ID :
27963
Sat, 11/01/2008 - 23:28
Auther :
Shortlink :
http://m.oananews.org//node/27963
The shortlink copeid
Mittal suffers USD 50 bn decline in ArcelorMittal share value
London, Nov 1 (PTI) NRI steel tycoon Lakshmi Mittal has
suffered a USD 50 billion decline in the value of shares he
holds in the ArcelorMittal following the global financial
meltdown, a leading economic daily has claimed.
Mittal, who owns 45 percent of the stock in
ArcelorMittal, has seen the value of his personal shareholding
fall since late June from USD 66 billion to USD 16 billion,
The Financial Times claimed in an analysis of the effect of
global financial crisis on the steel industry.

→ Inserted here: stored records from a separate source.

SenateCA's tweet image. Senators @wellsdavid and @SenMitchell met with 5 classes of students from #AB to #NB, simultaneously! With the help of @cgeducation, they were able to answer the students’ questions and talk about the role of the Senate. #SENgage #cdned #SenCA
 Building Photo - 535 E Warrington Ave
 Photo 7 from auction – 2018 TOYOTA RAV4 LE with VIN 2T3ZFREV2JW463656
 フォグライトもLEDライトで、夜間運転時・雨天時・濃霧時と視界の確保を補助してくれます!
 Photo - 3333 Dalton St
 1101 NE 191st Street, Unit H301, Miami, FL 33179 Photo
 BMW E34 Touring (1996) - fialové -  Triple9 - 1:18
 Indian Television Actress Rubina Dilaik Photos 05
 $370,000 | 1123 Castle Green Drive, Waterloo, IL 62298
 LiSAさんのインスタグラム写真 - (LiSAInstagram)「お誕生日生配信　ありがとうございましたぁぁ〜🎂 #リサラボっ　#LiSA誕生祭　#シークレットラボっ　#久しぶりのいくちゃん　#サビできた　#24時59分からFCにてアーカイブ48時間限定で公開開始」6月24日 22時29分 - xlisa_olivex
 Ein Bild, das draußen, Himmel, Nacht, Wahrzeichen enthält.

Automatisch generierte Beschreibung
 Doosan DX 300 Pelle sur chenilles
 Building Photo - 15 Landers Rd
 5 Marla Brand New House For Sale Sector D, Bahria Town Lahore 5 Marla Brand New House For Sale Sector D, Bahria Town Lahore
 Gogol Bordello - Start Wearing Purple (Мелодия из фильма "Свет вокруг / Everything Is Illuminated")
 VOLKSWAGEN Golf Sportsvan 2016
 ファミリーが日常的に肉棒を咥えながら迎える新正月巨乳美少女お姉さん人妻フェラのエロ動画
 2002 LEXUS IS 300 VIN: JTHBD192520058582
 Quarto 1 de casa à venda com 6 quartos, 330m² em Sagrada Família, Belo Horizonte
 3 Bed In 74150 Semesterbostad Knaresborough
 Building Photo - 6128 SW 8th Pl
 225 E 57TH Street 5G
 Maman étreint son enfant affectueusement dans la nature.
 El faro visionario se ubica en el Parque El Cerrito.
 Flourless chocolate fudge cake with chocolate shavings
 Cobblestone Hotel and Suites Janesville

"When Mittal talks to investors and analysts next week,
he is likely to come in for tough questioning about how much
he will cut production in the next few months.
"He will also be asked to explain the status of the
company's expansion programme, in particular two big plants
being planned for India, which look likely to be scaled back,"
the report said.
Noting that Mittal, Chairman and Chief Executive of
ArcelorMittal, next week faces the biggest test of his career,
the report said "the Indian metals magnate will try to
convince investors that his vision of the steel industry still
has merit, in spite of the battering the sector has received
amid the global financial crisis."
When he presents the third-quarter results of
ArcelorMittal on Wednesday from the company's imposing
headquarters in the centre of Luxembourg, Mittal will do his
best to put a "brave face on a 72 percent decline in the
share price of the world's biggest steelmaker over the past
four months."
In his response to the setbacks, "Mittal is expected to
outline new production cuts on top of those ArcelorMittal has
made in the past month.
"He is also thought likely to announce some trimming of
its ambitious 35 billion dollar expansion plan over the next
eight years, while also pointing to growth opportunities for
the industry even in the midst of the current gloom."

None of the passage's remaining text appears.